Uncle Orson Reviews Everything
October 6, 2011

First appeared in print in The Rhinoceros Times, Greensboro, NC.


Homework and Perry's "Mistake"

It's homework season once again, and I grieve for our children, whose hours of freedom and creativity, whose time with their parents and siblings and friends, are stolen by the mindless machinery of our ignorant education system.

I don't really blame the teachers. They are provided with bad research and idiotic policies concerning homework -- it takes effort and an ability to judge between scientific and statistical studies in order to be sure that homework really is a complete, utter waste of a child's (and a teacher's) time.

Since our teachers are themselves a product of the American educational system, it is hardly a surprise that they have no idea how to do this.

Besides, there are so many helicopter parents who become irate if their children are left with a free moment to enjoy themselves or, say, think. "What kind of school is this? My child has gone three days without any homework! We want him to excel! We want him to get into a good college!"

In vain would an educated teacher explain that she has made good use of class time, and the student in question has completed all his work and therefore did not need to take anything home.

In vain would the teacher explain that homework for its own sake is about as sensible as continuing to run around and around a track long after the race is over.

For parents like this seem more concerned with being able to brag to their friends about their kids' achievements than actually providing a childhood that will prepare the children to be happy, productive citizens.

Children need free, unstructured play time. Occasional homework in high school is to be expected; in earlier grades, any homework at all, even half a minute, is child abuse.

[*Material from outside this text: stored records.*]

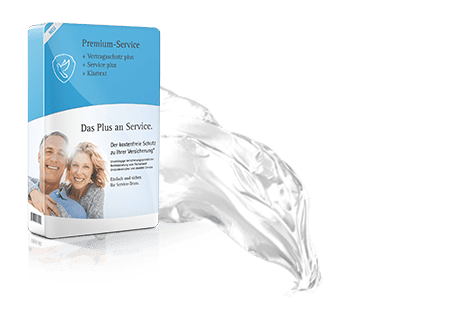 Sterbegeldversicherung Vertragsschutz Premium Premium Vertragsschutz Sterbegeldversicherung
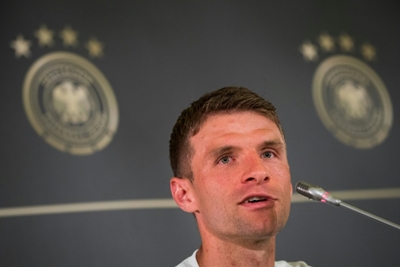 Germany's Mueller says World Cup pressure 'terrifically high' 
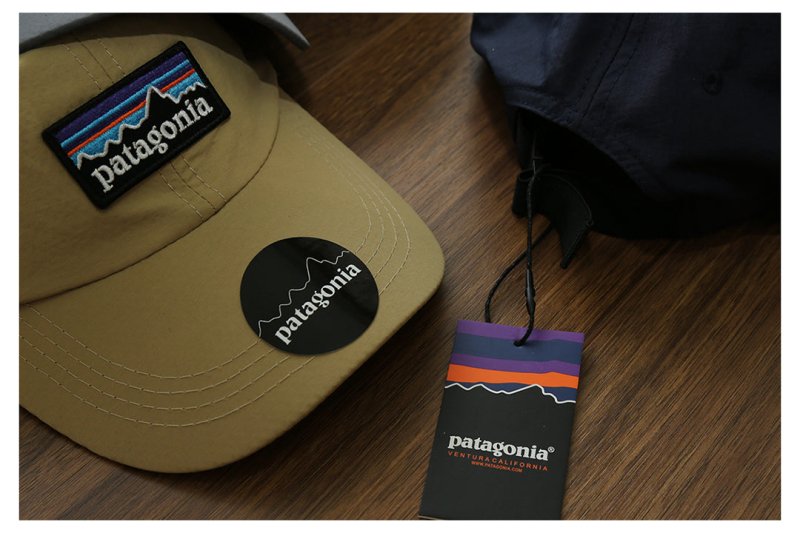 Patagonia 巴塔哥尼亞 排汗機能刺繡棒球帽 - VANASH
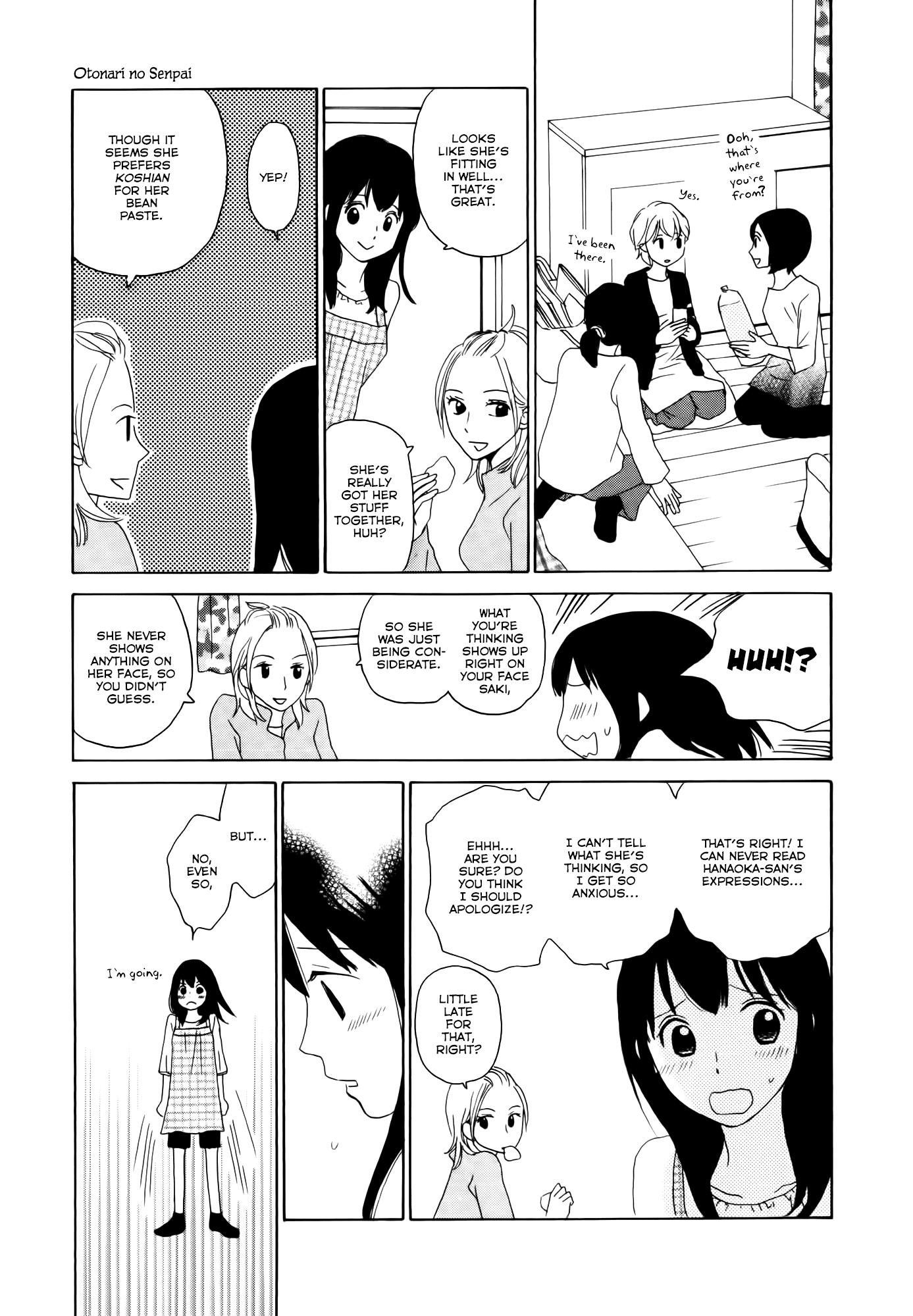 Fuwafuwa No Kimochi - Chapter 1 (V2) : Otonari No Senpai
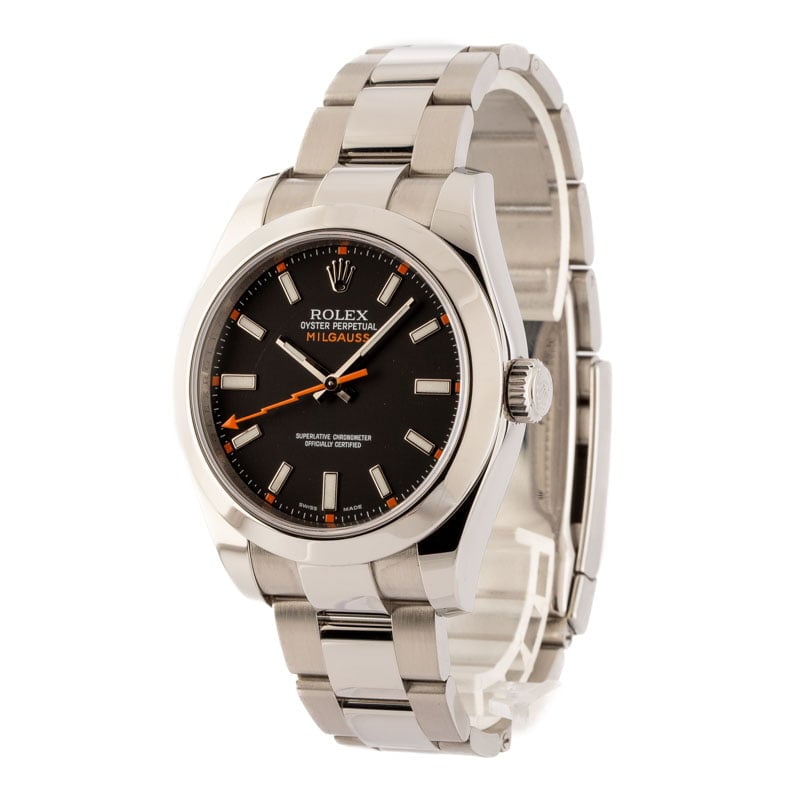 Mens Rolex Milgauss 116400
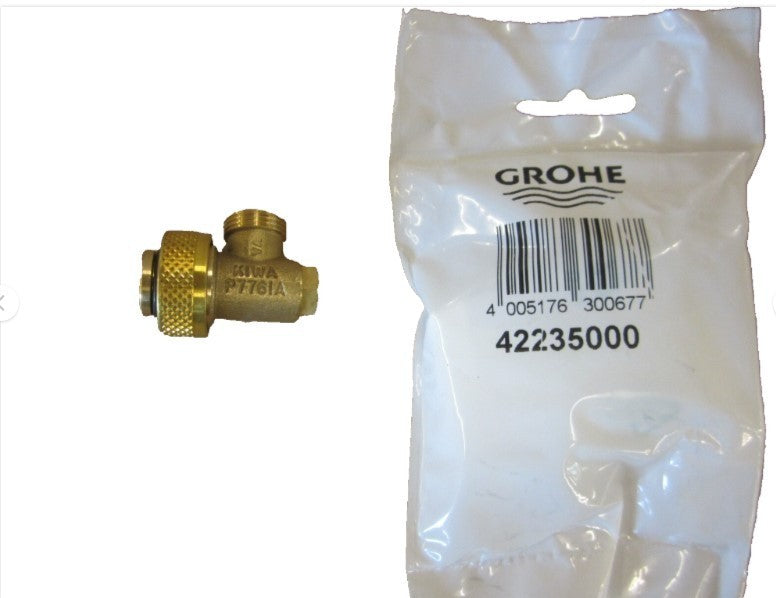 GROHE Eckventil 42235 für WC-Spülkasten0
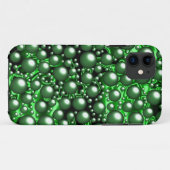 3 d緑の泡 Case-Mate iPhoneケース (裏面(横))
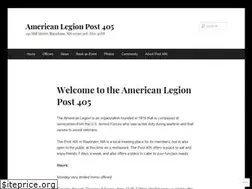 Sites similar to alpost405.org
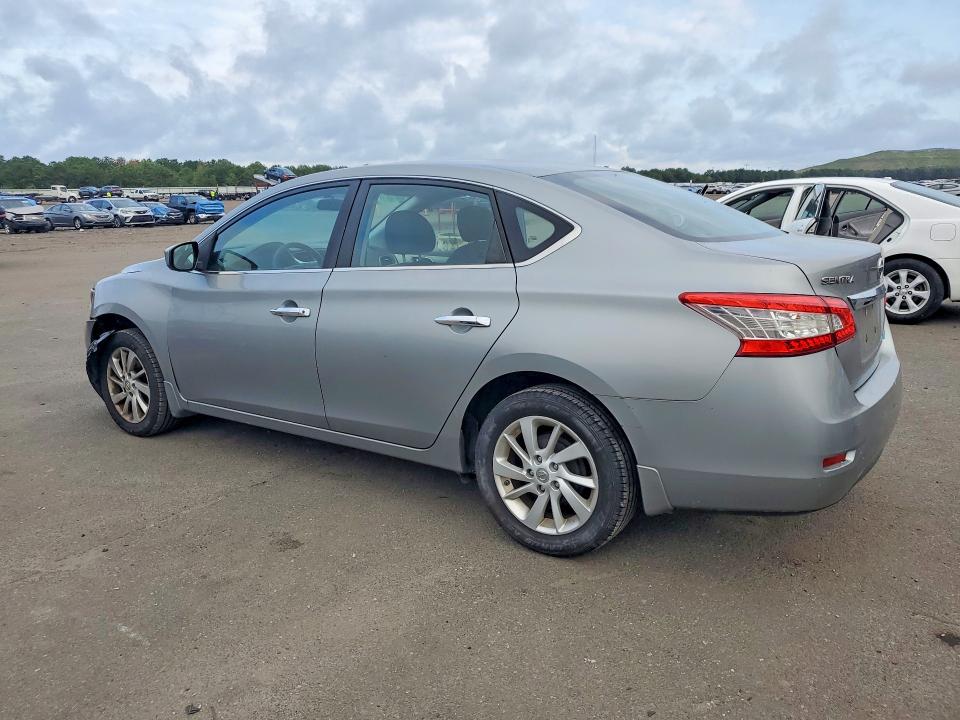 2013 Nissan Sentra მანქანა იყიდება აუქციონზე, vin: 3N1AB7AP9DL748969, აუქციონის ნომერი: 69111956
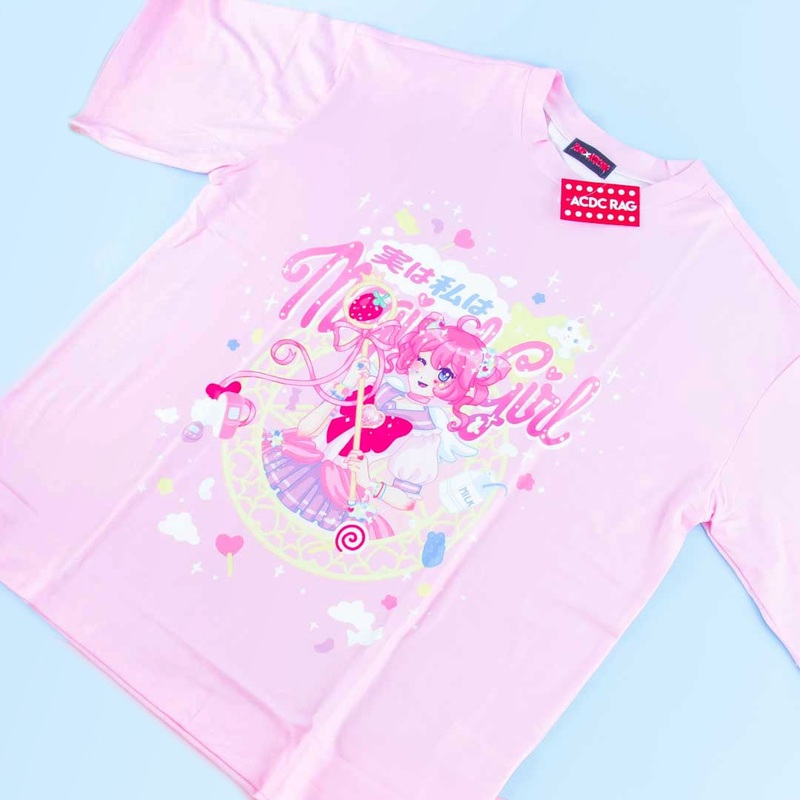 ACDC RAG Magical Girl T-Shirt
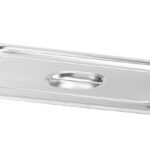 Lid for GN containers with silicone rim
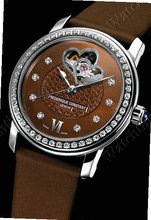 Frederique Constant Ladies Automatic Ladies Automatic Chocolate Double Heart Beat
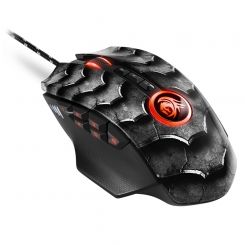 Sharkoon Drakonia II Black - Gaming Maus - B-Ware 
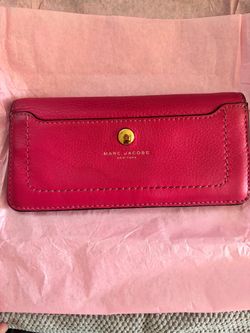 Marc Jacobs Leather Continental Wallet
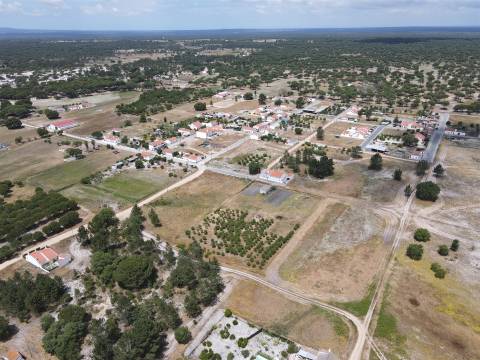 Terreno misto no Alentejo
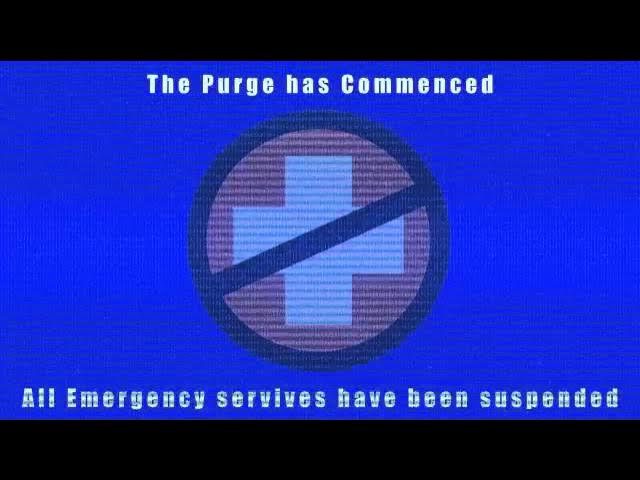 The Purge Siren For 5 Minutes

I was visiting with friends the other night. Their delightful eight-year-old daughter was eagerly reading a book she had chosen herself. But it was her bedtime. "She loves to read, but she doesn't have much time for it," her father said.

Why? Because she has an hour a day of homework. In third grade.

In third grade I was in California schools when they were widely known to be the most effective schools in the country, and quite possibly in the world. I had no homework whatsoever. Zero. Nada.

Instead, I came home from school the long way -- goofing off with friends, playing in orchards and creek beds, digging tunnels and forts in the back yard, walking or bicycling all over the neighborhood. I checked in with my parents so they knew where I was, but other than that, my activities were my own to choose.

When I got home, there were occasional chores to do, but mostly I could do what I wanted. That meant playing games with the family, or setting up a train layout with my brothers and sisters, or -- bliss! -- curling up with a book and getting so engrossed that I didn't even hear the call to dinner.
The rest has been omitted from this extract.